Additionally, on several occasions our dissenting colleague characterizes certain testimony upon which he chooses to rely as “undisputed.” There is no basis for such an assertion. The trial judge was free to believe or disbelieve any of the testimony. While we have studied the record to determine the existence of supportive evidence, the case must be considered by us in light of the uniquely complete findings which were made by the trial judge, including that “the mother employed [no] kind of coercion.”

. The Supreme Court recently has noted: “[The] totality of the circumstances approach is adequate to determine whether there has been a waiver even where interrogation of juveniles is involved.” Fare v. Michael C., 442 U.S. 707, 725, 99 S.Ct. 2560, 2572, 61 L.Ed.2d 197 (1979). See also Johnson v. Zerbst, 304 U.S. 458, 464, 58 S.Ct. 1019, 1023, 82 L.Ed. 1461 (1938).

. Some appellate courts apply an “abuse of discretion” standard of review in considering voluntariness questions. See, e. g., State v. Weinacht, 203 Neb. 124, 277 N.W.2d 567, 571 . (1979). The proper standard in this jurisdiction was stated succinctly by the circuit court in United States v. McNeil, supra, as follows:

In the case at bar, however, appellant’s claim of involuntariness and lack of understanding was squarely presented to the trial judge and was flatly rejected, and only if the judge’s decision lacks substantial support in the evidence [are we] disposed to alter it. [140 U.S.App.D.C. at 6, 433 F.2d at 1112.]

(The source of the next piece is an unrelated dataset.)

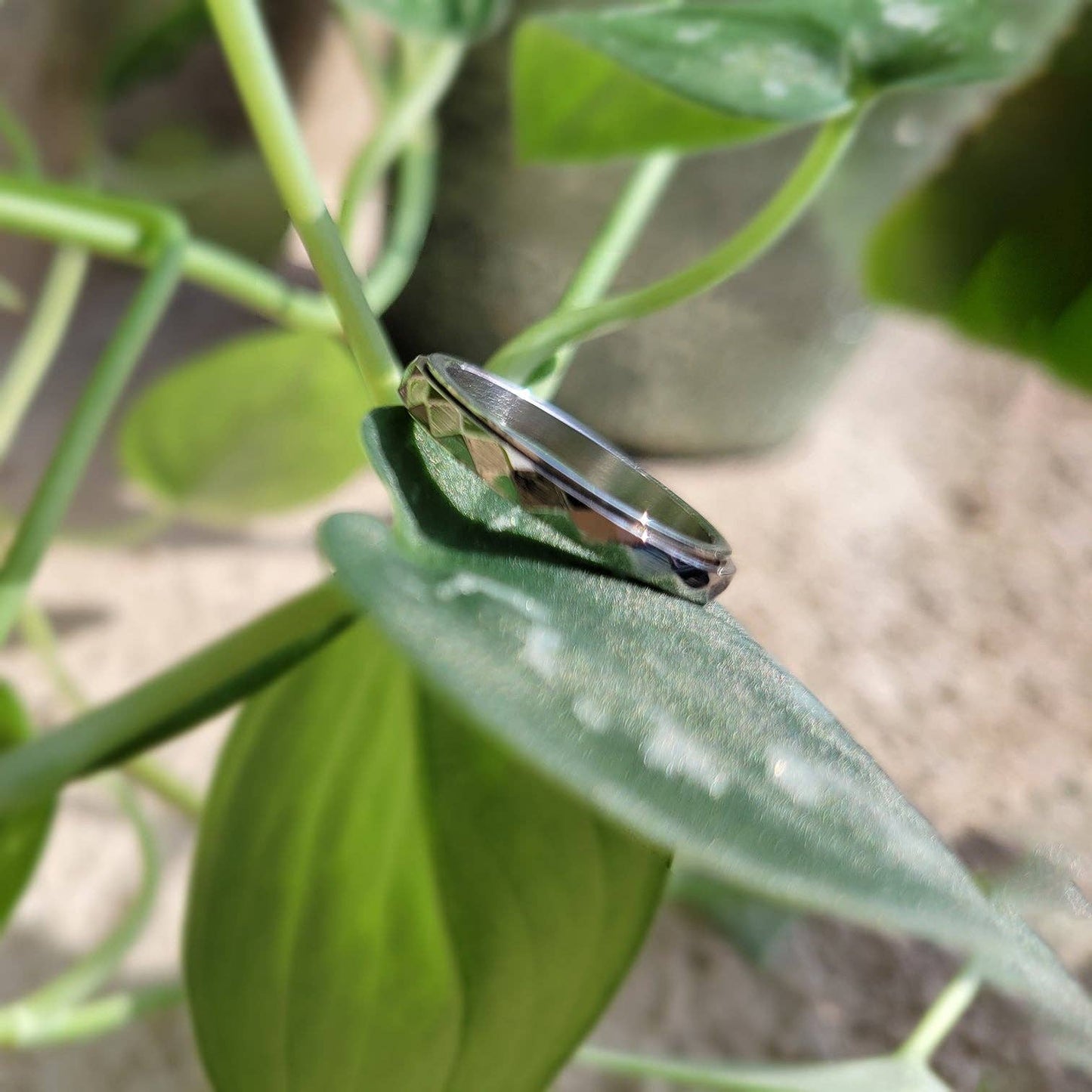 Dainty Fidget Ring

. After so describing Miranda in Fare v. Michael C., the Supreme Court went on to cite Harris v. New York, 401 U.S. 222, 91 S.Ct. 643, 28 L.Ed.2d 1 (1971), in noting that the proscription of Miranda is applicable “at least during the State’s case-in-chief.” 99 S.Ct. at 2568.

.In the interest of thoroughness, however, we quote the following footnote in the Supreme Court’s decision in Fare v. Michael C., supra:

Indeed, this Court has not yet held that Miranda applies with full force to exclude evidence obtained in violation of its prescriptions from consideration in juvenile proceedings, which for certain purposes have been distinguished from formal criminal prosecutions. See McKeiver v. Pennsylvania, 403 U.S. 528, 540-541 [, 91 S.Ct. 1976, 1983-1984, 29 L.Ed.2d 647] (1971) (plurality opinion). We do not decide that issue today. In view of our disposition of this case, we assume without deciding that the Miranda principles were fully applicable to the present proceedings. [99 S.Ct. at 2567 n. 4.]

. We are mindful that to be acceptable, such a confession should be “voluntary, in the sense not only that it was not coerced or suggested, but also that it was not the product of ignorance of rights or of adolescent fantasy, fright or despair.” In re Gault, supra, 387 U.S. at 55, 87 S.Ct. at 1458 (footnote omitted).

. Appellant also alleges that his statement which were made during the subsequent roundtable session with the other youths and parents should have been suppressed. However, in view of our conclusion that appellant’s inculpatory statement to his mother was not the result of improper police activity, we see no error in the use of the second confession. (The record reflects that nothing critical to his guilt was revealed by appellant at the roundtable session which he had not already revealed in response to his mother’s questions.)